Sete anos após a Organização das Nações Unidas (ONU) ter declarado o acesso à água e ao esgotamento sanitário como um direito humano fundamental, uma pesquisa realizada na Fiocruz Minas mostra que a violação dessa prerrogativa afeta uma série de outros direitos sociais, como educação, saúde e até mesmo o direito de ir e vir. O estudo, desenvolvido pela doutoranda do Programa de Pós-Graduação em Saúde Coletiva Priscila Neves, teve como foco a população em situação de rua do município de Belo Horizonte e, por meio de uma análise qualitativa, apontou que, devido à precariedade no acesso à água e ao esgotamento sanitário, tal público acaba sendo excluído de outras esferas da vida social e econômica.

Intitulada Direitos humanos e vulnerabilidade social: o acesso à água e ao esgotamento sanitário de pessoas em situação de rua, a pesquisa ouviu, no período de maio a julho de 2016, 24 pessoas (14 homens; 10 mulheres) que vivem na região central de Belo Horizonte.
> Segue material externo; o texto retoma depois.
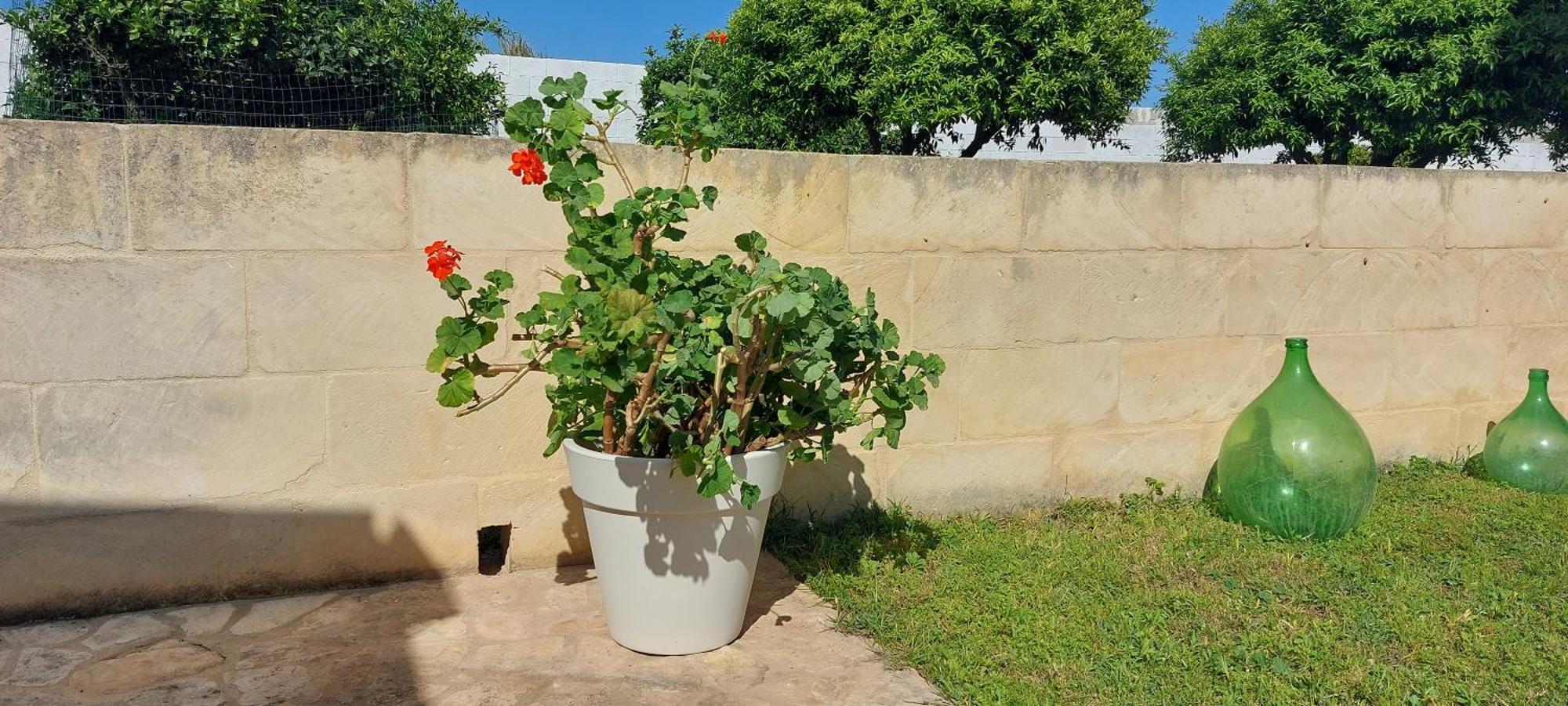 L'Aira Ecchia - Ospitalita Rurale Villa Lecce Kültér fotó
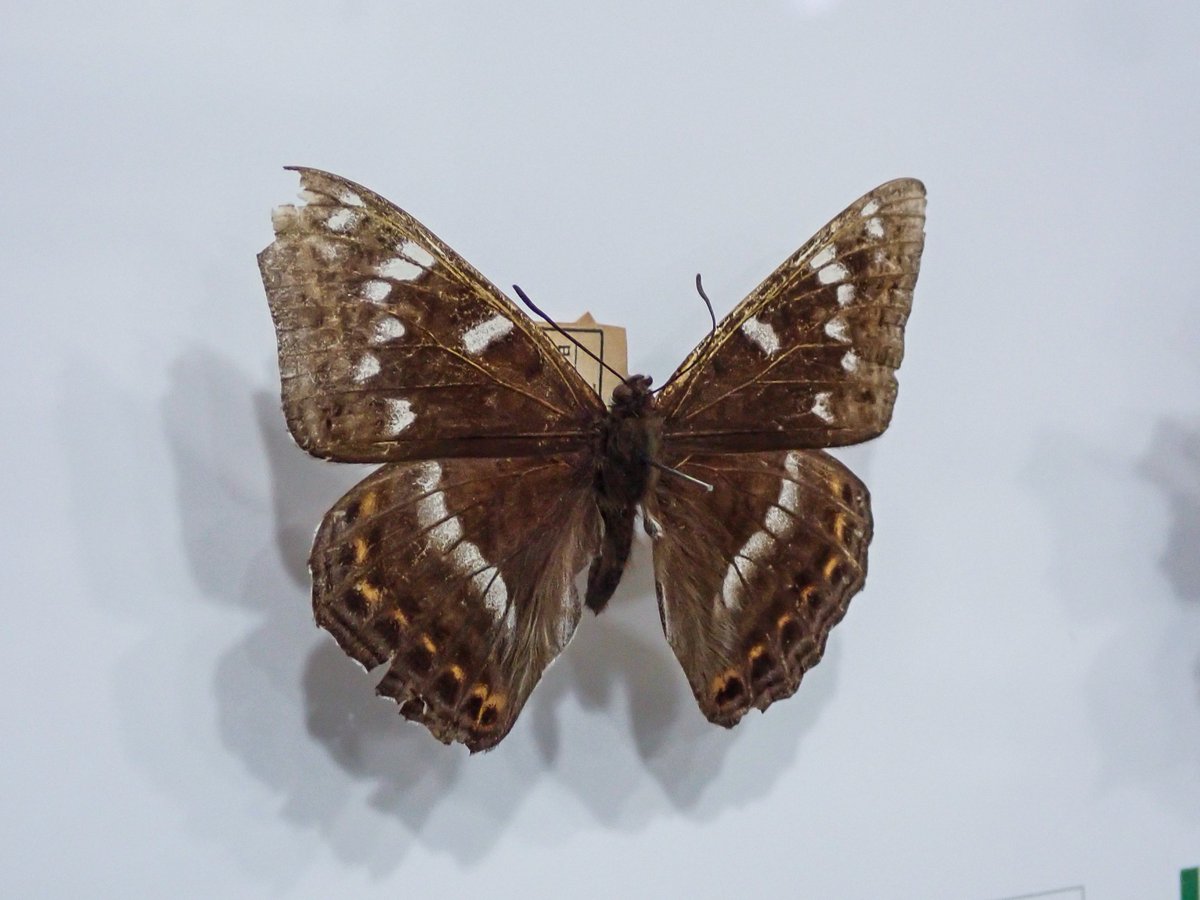 この標本は、埼玉県内で採集されたオオイチモンジです。県内では50年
De acordo com a pesquisadora, os entrevistados declararam beber água proveniente de doações e recorrer às bicas e às fontes de água localizadas nas praças do município, para lavar roupas e se higienizar. Elas também disseram que se sentem muito mal por andarem sujas e deixam de ter acesso a serviços de saúde e de frequentar a escola porque nem sempre têm como tomar banho.

“Alguns dos entrevistados usam a expressão ‘lixo’ para dizer como se sentem. Aqueles que frequentam a Educação de Jovens e Adultos (EJA) revelaram faltar às aulas sempre que não podem tomar banho. Outros disseram que, ao procurar serviços de saúde, são orientados a fazer uma higiene corporal e, depois, procurar o atendimento novamente, o que acaba resultando em perda de assistência. E também foram vários os relatos de pessoas que disseram ser impedidas de entrar em um estabelecimento comercial para pedir um copo d´água por estarem sujas”, conta Neves. “Ou seja, a violação do direito à água viola também o direito à educação, à saúde, entre outros”, pontua.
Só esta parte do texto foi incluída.